Text classification algorithms investigate the intricate relationships between words or phrases and attempt to deduce the document's interpretation. In the last few years, these algorithms have progressed tremendously. Transformer architecture and sentence encoders have proven to give superior results on natural language processing tasks. But a major limitation of these architectures is their applicability for text no longer than a few hundred words. In this paper, we explore hierarchical transfer learning approaches for long document classification. We employ pre-trained Universal Sentence Encoder (USE) and Bidirectional Encoder Representations from Transformers (BERT) in a hierarchical setup to capture better representations efficiently.
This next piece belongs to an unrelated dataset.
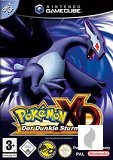 Pokémon XD: Der dunkle Sturm für Gamecube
Our proposed models are conceptually simple where we divide the input data into chunks and then pass this through base models of BERT and USE. Then output representation for each chunk is then propagated through a shallow neural network comprising of LSTMs or CNNs for classifying the text data. These extensions are evaluated on 6 benchmark datasets. We show that USE + CNN/LSTM performs better than its stand-alone baseline. Whereas the BERT + CNN/LSTM performs on par with its stand-alone counterpart. However, the hierarchical BERT models are still desirable as it avoids the quadratic complexity of the attention mechanism in BERT. Along with the hierarchical approaches, this work also provides a comparison of different deep learning algorithms like USE, BERT, HAN, Longformer, and BigBird for long document classification. The Longformer approach consistently performs well on most of the datasets.